Set down the data below word for word, and leave the images aside.

Data records:

◆ ◆ ◆ ◆ ◆ ◆ ◆

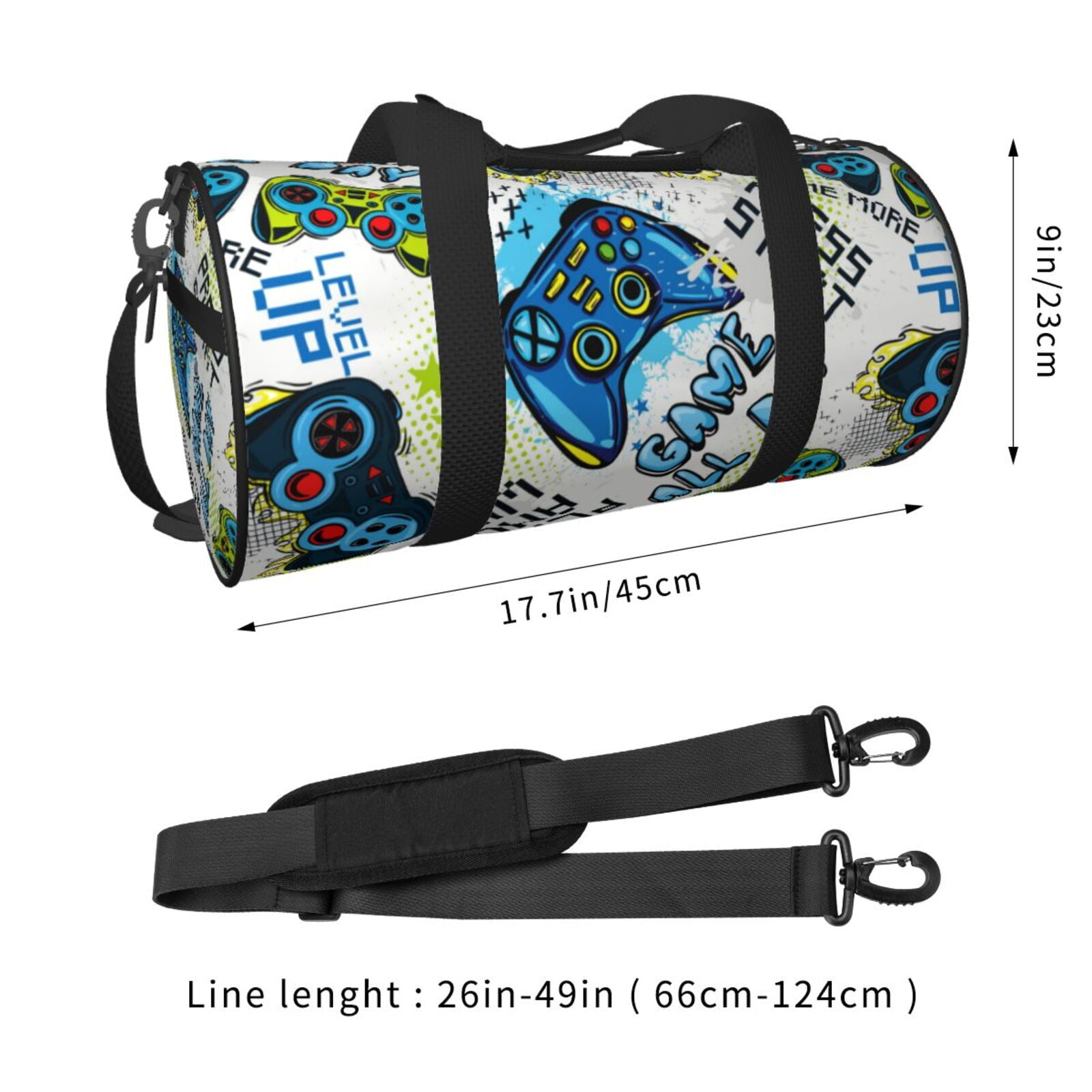 Pack All Sac De Sport Pliable De 45 L, Résistant à L'eau, Sac De Sport Portable, Sac De Week-end Léger Pour Voyage, Fitness Et Camping, Bleu Marine, Sac De Sport Pliable 45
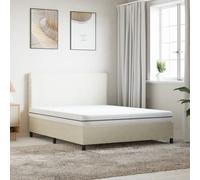 vidaXL Matelas en mousse moyennement doux 160x200 cm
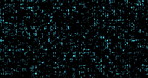 Technology, grid and cyberspace with particles in matrix for AI development on a dark background. Empty, futuristic or digital platform of virtual system, software or pattern for cyber interface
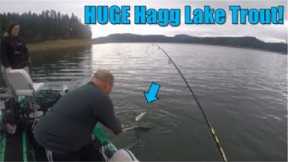 Catching Huge Trout at Henry Hagg Lake | Oregon Fishing | Boat Fishing | We Found a Honey Hole!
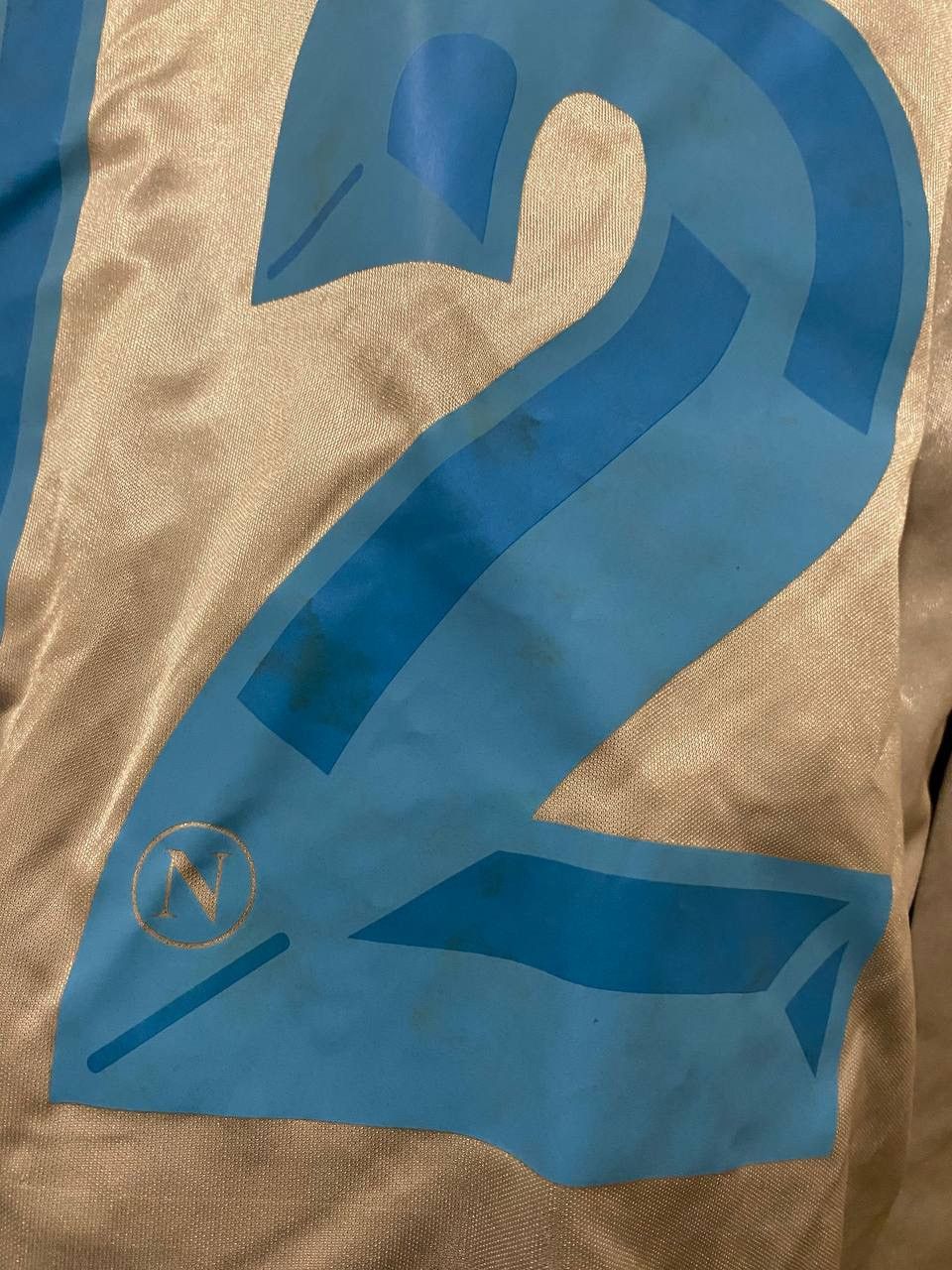 Kappa NAPOLI MATCH WORN GOALKEEPER LONG SLEEVE JERSEY Size US M / EU 48-50 / 2 - 14 Thumbnail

◆ ◆ ◆ ◆ ◆ ◆ ◆

- **EXERCISE RESULT**:
 Pack All Sac De Sport Pliable De 45 L, Résistant à L'eau, Sac De Sport Portable, Sac De Week-end Léger Pour Voyage, Fitness Et Camping, Bleu Marine, Sac De Sport Pliable 45
 vidaXL Matelas en mousse moyennement doux 160x200 cm
 Technology, grid and cyberspace with particles in matrix for AI development on a dark background. Empty, futuristic or digital platform of virtual system, software or pattern for cyber interface
 Catching Huge Trout at Henry Hagg Lake | Oregon Fishing | Boat Fishing | We Found a Honey Hole!
 Kappa NAPOLI MATCH WORN GOALKEEPER LONG SLEEVE JERSEY Size US M / EU 48-50 / 2 - 14 Thumbnail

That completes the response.